Lemma 1. Suppose $f$ is continuous and of moderate decrease, i.e., $|f(x)| <= {A \over (1 + x^2)}$. Then its periodization $g(x) = \sum_{k\in\Bbb Z} f(x + k)$ is continuous and periodic, and its partial sums converge uniformly to $g$.
Proof. Let $S_n(x) = \sum_{|k| \leq n} f(x + k)$. Given $n > m$, we observe the Cauchy sum of $|S_n – S_m|$ is bounded by $\sum_{|k| > n} |f(x + k)|$. But for $x \in [0, 1)$,
$$
\begin{eqnarray}
\sum_{|k| > n} |f(x + k)| &\leq& A\sum_{|k| > n} \frac{1}{1 + (x + k)^2} \\
&=& A\sum_{k > n} \frac{1}{1 + (x + k)^2} + A\sum_{k < -n} \frac{1}{1 + (x + k)^2} \\
&\leq& A\sum_{k > n} \frac{1}{1 + k^2} + A\sum_{k \leq -n} \frac{1}{1 + k^2} \\
&\leq& A\sum_{k > n} \frac{1}{k^2} + A\sum_{k \leq -n} \frac{1}{k^2} \\
&\leq& 2AT_n
\end{eqnarray}
$$
where $T_n$ is the tail sum of $\zeta(2)$. Hence $S_n$ is uniformly Cauchy on $[0, 1)$, so it converges uniformly to $g$ there, so $g$ is continuous on that interval. But $g$ is obviously periodic from its form, so the uniform convergence and continuity apply everywhere. (Possibly more details needed here.) $\blacksquare$
Lemma 2. If $|f(x+iy)| \leq \frac{A}{1 + x^2}$ for some constant $A$ on some strip $-a \leq y \leq a$, and f is holomorphic on this strip, then $|\hat f|$ decreases exponentially.

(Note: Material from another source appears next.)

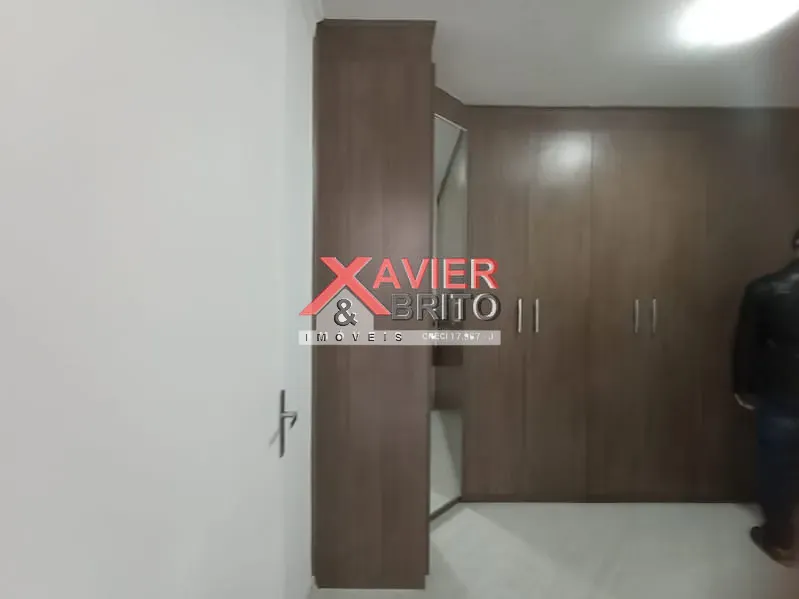 Apartamento, 2 quartos, 48 m² - Foto 14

Proof. We integrate along a box from $-R \to R \to R- ai \to -R- ai \to -R$. The sides go to $0$ with $R$ and $f$ is holomorphic on the interior, so the top and bottom in the limit are equal and we have
$$
\begin{eqnarray}
\int_{-\infty}^\infty f(t)e^{-2\pi is t} dt &=& \int_{-\infty-ai}^{\infty-ai} f(t)e^{-2\pi is t} dt \\
&=& \int_{-\infty}^{\infty} f(t- ai)e^{-2\pi is (t – ai)} dt \\
&=& e^{-2\pi a s} \int_{-\infty}^{\infty} f(t- ai)e^{-2\pi is} dt
\end{eqnarray}
$$
and this is of course bounded in magnitude by $Ce^{-2\pi a s}$. $\blacksquare$
Theorem.Suppose $f$ is continuous and of moderate decrease with Fourier transform $\hat f$ and periodization $g$. Then the $n$th Fourier coefficient of $g$ is given by $\hat f(n)$.
Proof.
$$
\begin{eqnarray}
\frac{1}{2\pi} \int_{-\pi}^\pi g(t)e^{-ikt} dt &=& \frac{1}{2\pi} \int_0^{2\pi} g(t)e^{-ikt} dt \\
&=& \int_{0}^1 g(t)e^{-2\pi ikt} dt \\
&=& \int_{0}^1 \sum_{n \in \Bbb Z} f(t + n) e^{-2\pi ikt} dt \\
&=& \sum_{n \in \Bbb Z} \int_0^1 f(t + n) e^{-2\pi ikt} dt \\
&=& \sum_{n \in \Bbb Z} \int_n^{n+1} f(t) e^{-2\pi ikt} dt \\
&=& \int_{-\infty}^\infty f(t) e^{-2\pi ikt} dt \\
&=& \hat f(n).
\end{eqnarray}
$$
The interchange of integral and sum is justified by the uniform convergence, as established above. $\blacksquare$
It follows that $\sum_{n\in \Bbb Z}f(t + n) \sim \sum_{n\in \Bbb Z} \hat f(n) e^{2\pi int}$. If $f$ is decreases fast enough – e.g., if it’s Schwartz, or satisfies the conditions of Lemma 2. above – then this is actually an equality, and we can plug in $t=0$ to yield $\sum_{n\in \Bbb Z}f(n) \sim \sum_{n\in \Bbb Z} \hat f(n)$.